Deep learning neural networks highly predict early onset of mouse and human pluripotent stem cell differentiation from light microscopy images

ARIEL WAISMAN; ALEJANDRO DAMIÁN LA GRECA; ALAN MIQUEAS MÖBBS; MARIA AGUSTINA SCARAFIA; NATALIA LUCÍA SANTÍN VELAZQUE; GABRIEL NEIMAN; LUCIA NATALIA MORO; CARLOS DANIEL LUZZANI; GUSTAVO EMILIO SEVLEVER; ALEJANDRA GUBERMAN; SANTIAGO GABRIEL MIRIUKA

Los Angeles

Congreso; International Society for STem Cell Research; 2019

ISSCR

Pluripotent stem cell (PSC) differentiation is a highly dynamic process in which both epigenetic, transcriptional and metabolic changes eventually lead to new cell identities. There modifications occur whithin hours to days and are generally identified by measuring gene expression changes and protein markers. PSC differentiation is also followed by important morphological transformations, but these are inherently subjective and thus are not used as a standard and quantitative measurement of cell differentiation. Our goal in this work was to use artificial intelligence techniques to automatically classify PSCs from early differentiating cells based on their morphology.

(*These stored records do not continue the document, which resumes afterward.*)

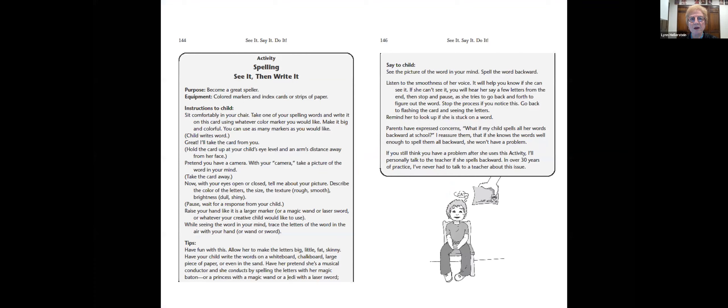We practice spelling forwards and backwards. Let's try my name: Hellerstein. I used to not be able to see it all, then I learned I can break it up — Hel-er-stein. Backwards: N-I-E-T-S-R-E-L-L-E-H. It's amazing how many people can do it — they've just never tried. The more we tap into imagery, the instruction becomes: see it, then write it. The activity is in the book and I believe also on my website.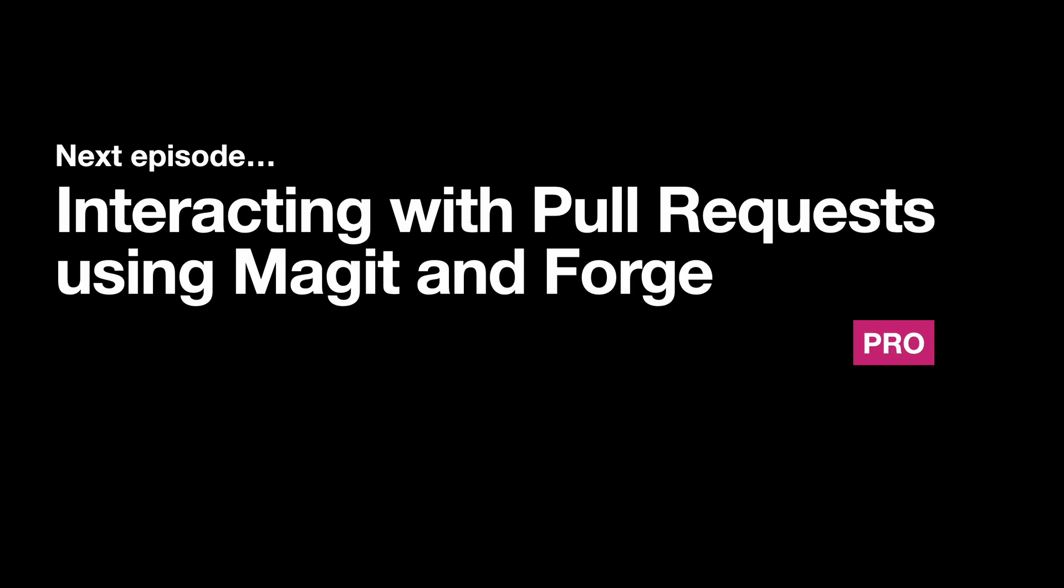In the next episode, which is already done and it's pro, we will see how we can interact with pull requests using Magit and Forge, which is changing labels, editing title, and so forth. Thanks for watching. Stay tuned. May the Emacs force be with you.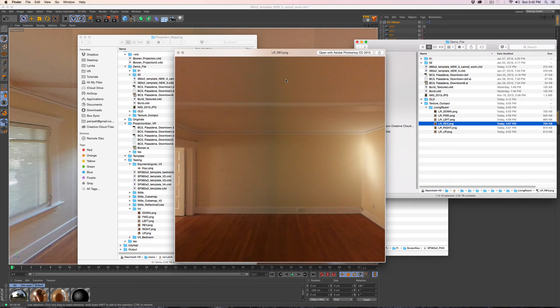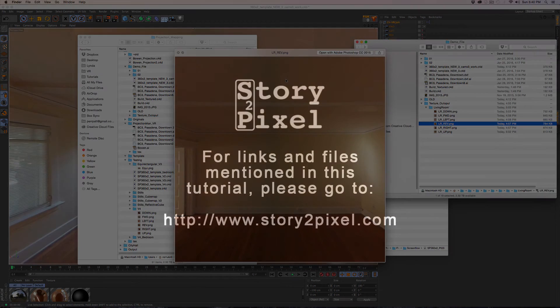Moving on to the next tutorial. I am Perry from story2pixel.com.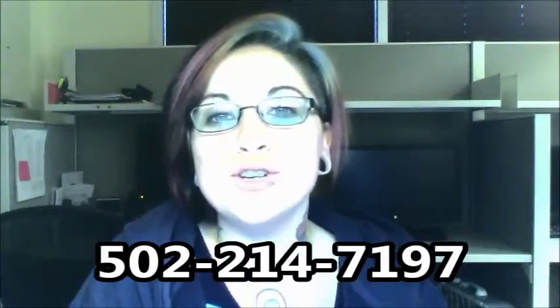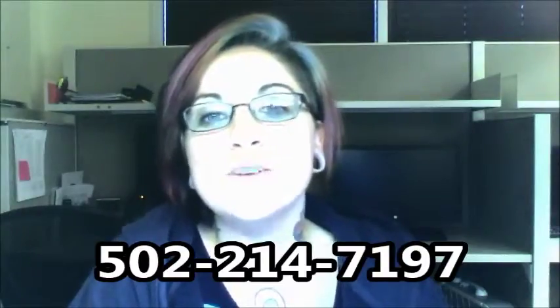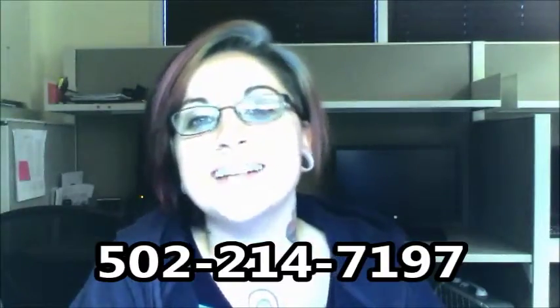I will go ahead and update your file and try you back maybe towards the beginning of the year just to see how things are going. If by chance you'd like to come out sooner, you can either reply to this email or contact me at 502-214-7197, and I hope you have a wonderful holiday season.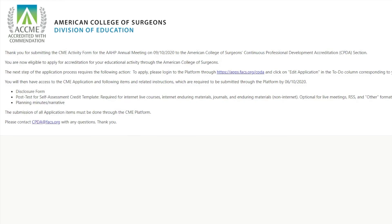After the CPDA section reviews the information, you will receive an email containing instructions regarding the rest of the process, including access to the CME application. The CME application, the next step in the process, is due at least three months prior to your educational activity.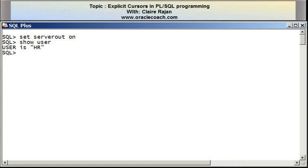Welcome to this video segment on explicit cursors. This is Claire Rajan, and in this video segment I'll be demonstrating the use of explicit cursors in PL/SQL. I have SQL*Plus open and I'm connected to the database.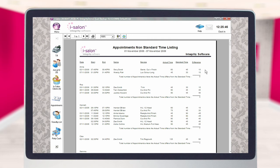To print a copy of the report onto your report printer, select the printer icon at the top of the page. Alternatively, to close it and return to the main iSalon screen, select the door icon instead.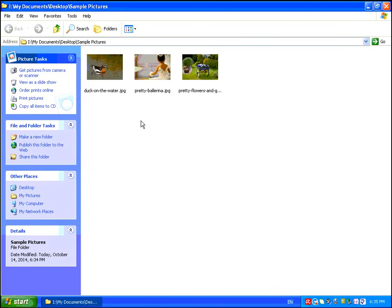Hi, in this video I'm going to show you how to print 4x6 and 8x10 images using the Windows Picture and Fax Viewer.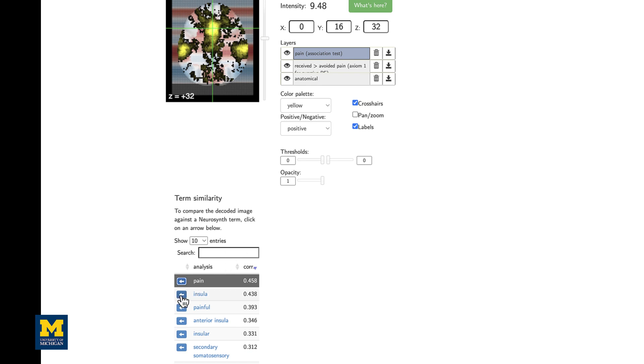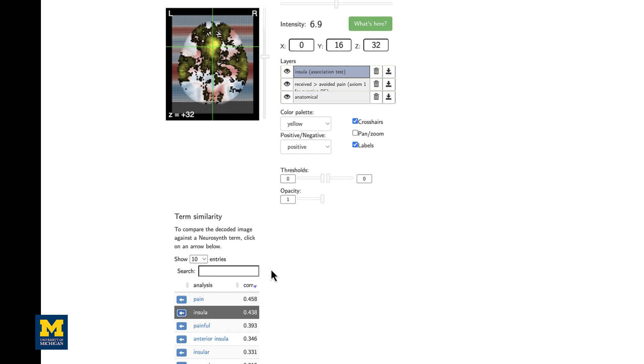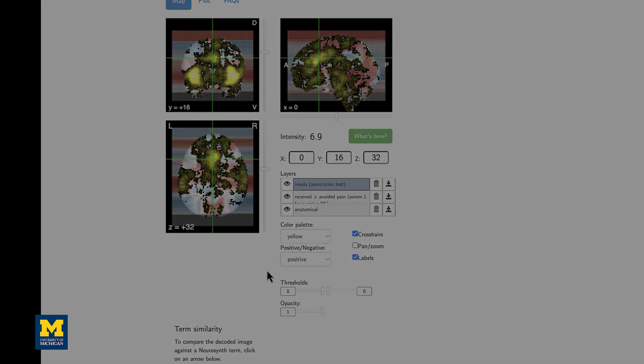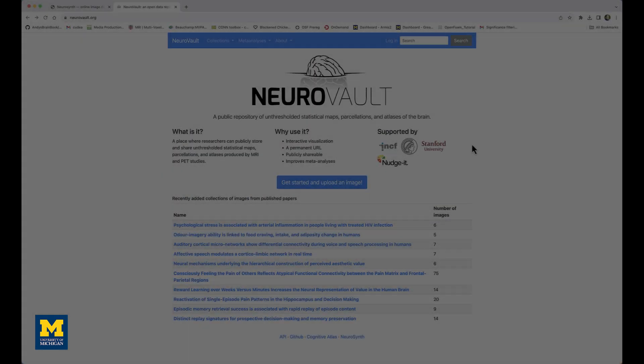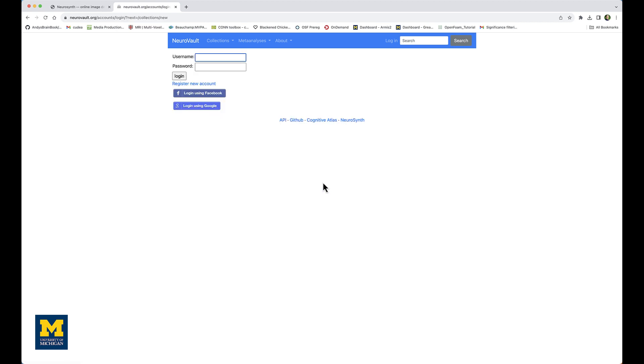And you can select other ones as well, such as insula, to see where that meta-analysis map shows the highest amount of correlation with that map we've loaded from Neurovault. The last method we're going to cover is uploading our own image, and to do this we're going to go back to neurovault.org and click on 'Get started using your own image.'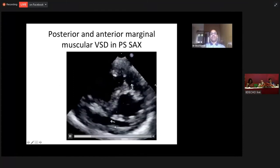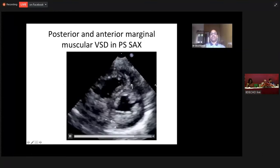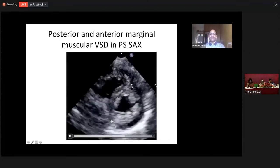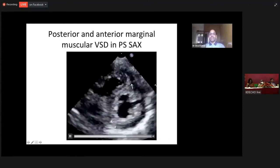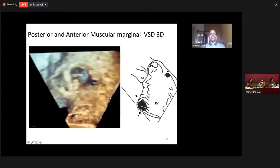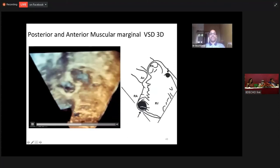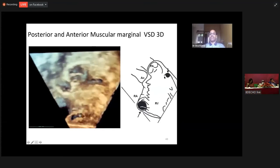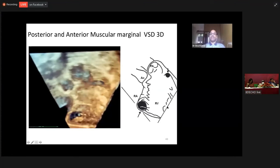These are examples of multiple VSDs. This is an anterior muscular VSD and a posterior muscular VSD, seen on a parasternal short axis view. The anterior muscular VSD is smaller and the posterior muscular VSD is larger. When you look at it on a 3D en-face view, the anterior muscular VSD and posterior muscular VSD are both visible. I have drawn a cartoon here — this is the muscular hole of the ventricular septum with anterior and posterior muscular ventricular septal defects.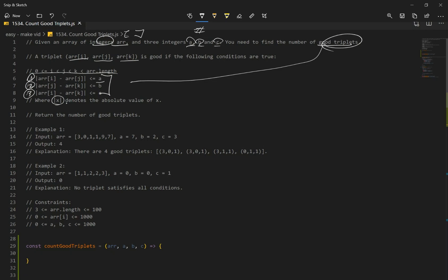Where absolute value of x denotes absolute value of x. So we want the absolute value. So we want the numbers to be positive. Return the number of good triplets. Okay, so we have our input array, which is this, and we are given three numbers, right? So whatever combinations that we have, or we get, it has to be less than or equal to all these three numbers, and possible numbers are given over here.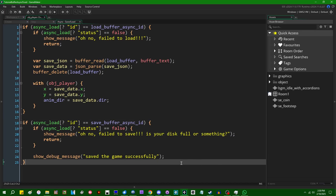So the last GameMaker video that I made, I spent a lot of time complaining about GameMaker's asynchronous save/load features and how user-unfriendly they are. I mentioned at the end of that video that some enterprising members of the community have created their own wrapper libraries around the asynchronous buffer save and load features to make them a little bit more user friendly.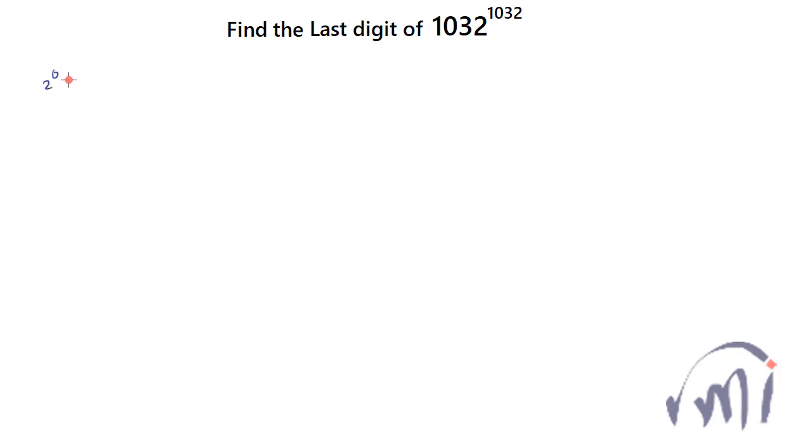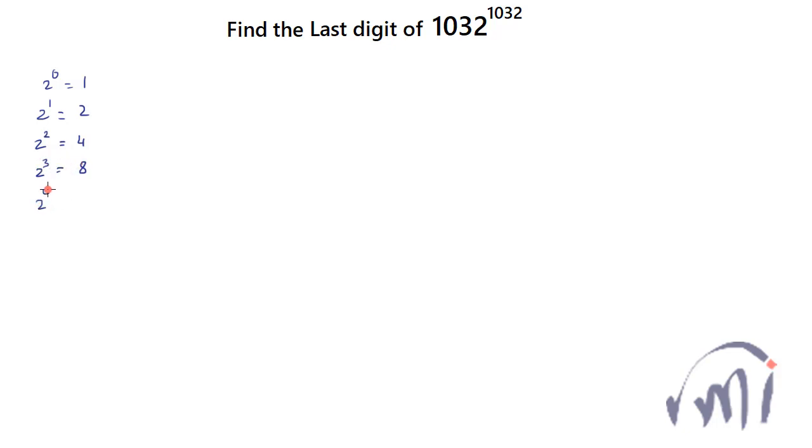So 2 to the power 0 is 1, 2 to the power 1 is 2, 2 to the power 2 is 4, and 2 to the power 3 is 8, and 2 to the power 4 is 16, and 2 to the power 5 is 32. And here we get 2 again as the unit's place digit.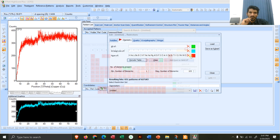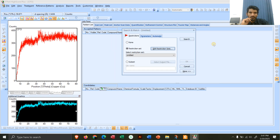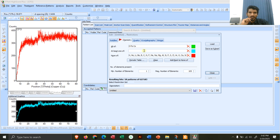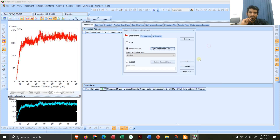Press OK, then go back to Edit Restriction Set. Click 'Add Rest to None', then click Load, then click Search.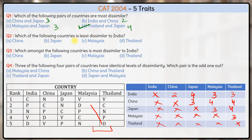Second question: which of the following countries is least dissimilar to India? The least dissimilar country is China with a dissimilarity score of only two. So the answer is option A, China. Third question: which amongst the following countries is most dissimilar to India? The highest score is with Japan — India has the highest dissimilarity score with Japan. So this will be option B.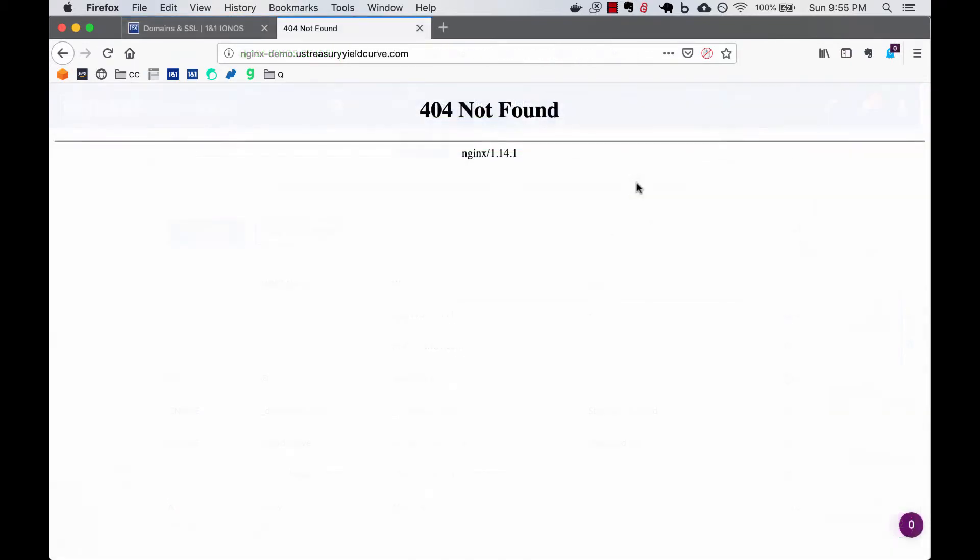Now if you point your web browser to the URL that I just created, you'll find the 404 not found page generated by Nginx. That's because Nginx doesn't know how to properly route the nginxdemo.ustreasuryyieldcurve.com domain yet. We have to create it in the nginx settings. But first, let's create a Docker container running a simple application that will display a web page that I could point to.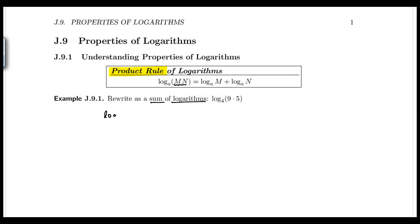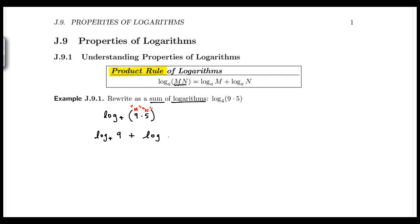So if we have log base 4 of the product 9 times 5, then 9 would be like the m in the formula and 5 would be like the n. This becomes log base 4 of 9 plus log base 4 of 5. Make sure when you write base 4 it's written smaller — the base is a subscript — while the log and value are in the same large font.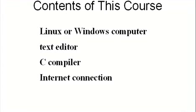You will need an internet connection to be able to download and install the assembler used in the course. And finally, you will need patience. Assembly language programming is not something that happens fast. It takes time.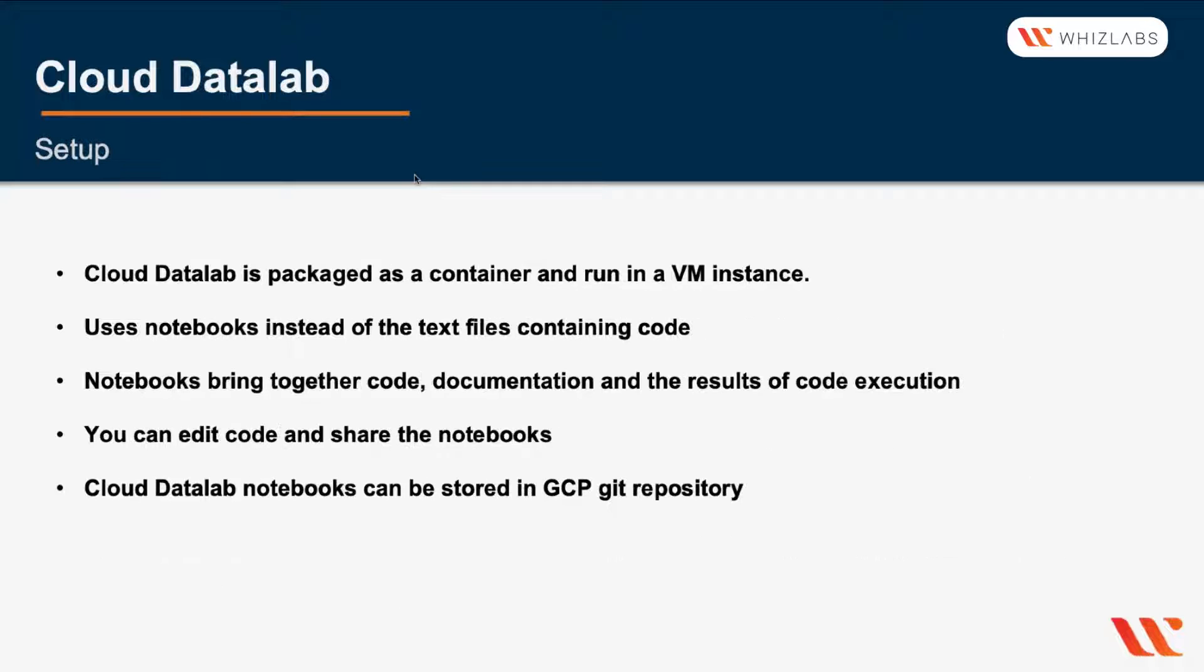Dataflow is packaged as a container and run in a virtual machine instance. It uses notebooks instead of a text file to contain the code.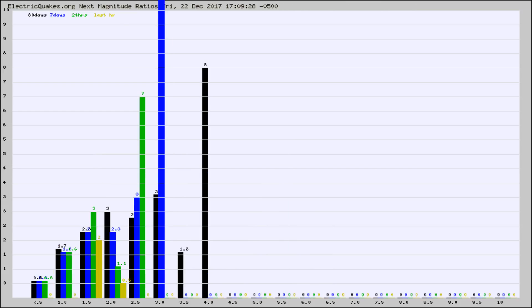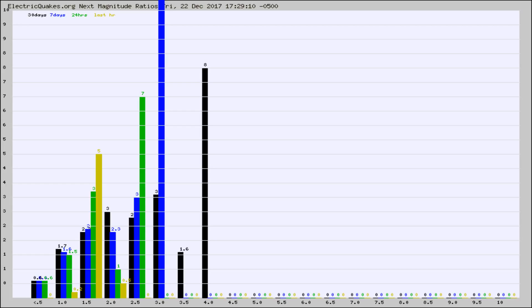And now you're seeing the same thing for just the subset area in California. Again, the black column is 30 days, blue is 7, green is 24 hours, and gold is in the last hour.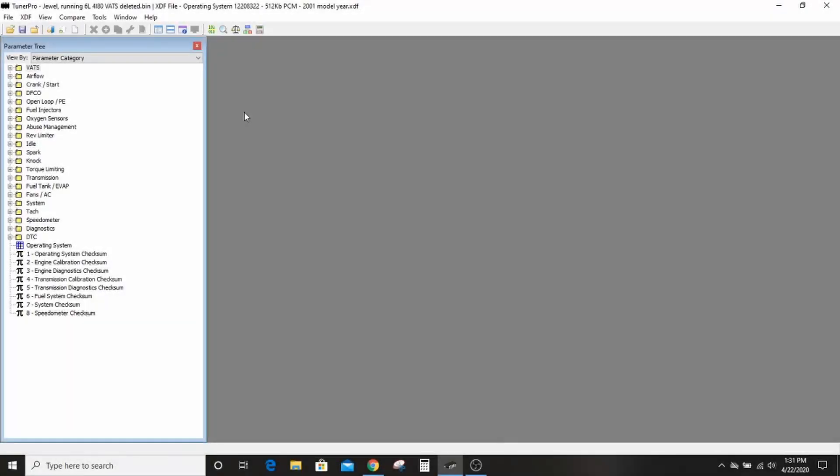Hey everybody, welcome back to the Driveway Engineer, I'm JR. Today we'll go over some of the basics in Tuner Pro, just like we did in HP Tuners, and hopefully this will help you out if you're using Tuner Pro and LS Droid to run your swap.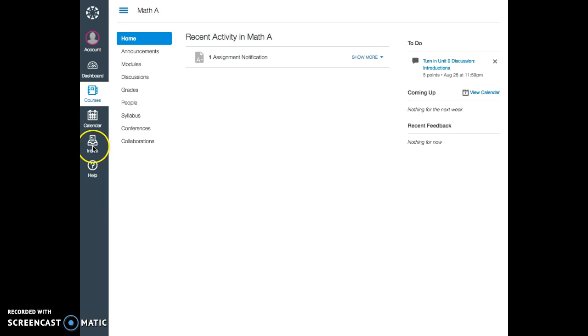When you enter a particular course, you are going to see this menu taking you to the main features of your course.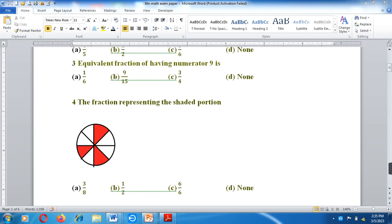Question number 4: The fraction representing the shaded portion. Option A: 3 by 8. Option B: 1 by 2. Option C: 6 by 6. Option D: None of these.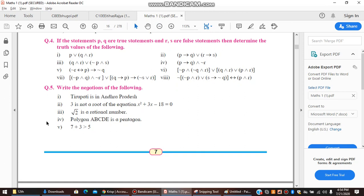Second: '3 is not the root of the equation x² + 4x − 18 = 0.' The negation is: '3 is the root of the equation x² + 4x − 18 = 0.' Third: '√2 is a rational number.' The negation is: '√2 is not a rational number.' Fourth: 'Polygon ABCDE is a pentagon.' The negation is: 'Polygon ABCDE is not a pentagon.'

For that, we made use of convolutional neural networks (CNNs), powerful algorithms that are particularly useful in computer vision. We induced differentiation of mouse embryonic stem cells (mESCs) to apiblast-like cells (EpiLCs) and took transmitted light microscopy images at several time-points from the initial stimulus. We found that several network architectures can be trained to recognize differentiationg from undifferentiation cells and correctly classify images with an accuracy higher than 99%. Successful prediction started only 20 minutes after the onset of EpiLC differentiation. WE also show that CNNs can be succesfully trained to predict whether mESCs were cultured in standard serum + LIF medium or in the recently developed defined culture conditions using MEK and GSK3 inhibitors plus LIF, that sustain the ground state of pluripotency. Moreover, these algorithms also display great performance in the classification of undifferentiated human induced PSCs (hiPSCs) compared to hiPSCs-derived early mesodermal cells. Although high training accuracy required strong computational power and the use of hundreds of images for each condition, once the CNN was trained it allowed to rapidly and accurately classify the query images. We believe that efficient cellular morphology recognition in a simple microscopic set up may have a significant impact on how cell assays are performed in the near future, ranging from experimental biology to quality control of cell cultures for the eventual application of PSCs to the clinic.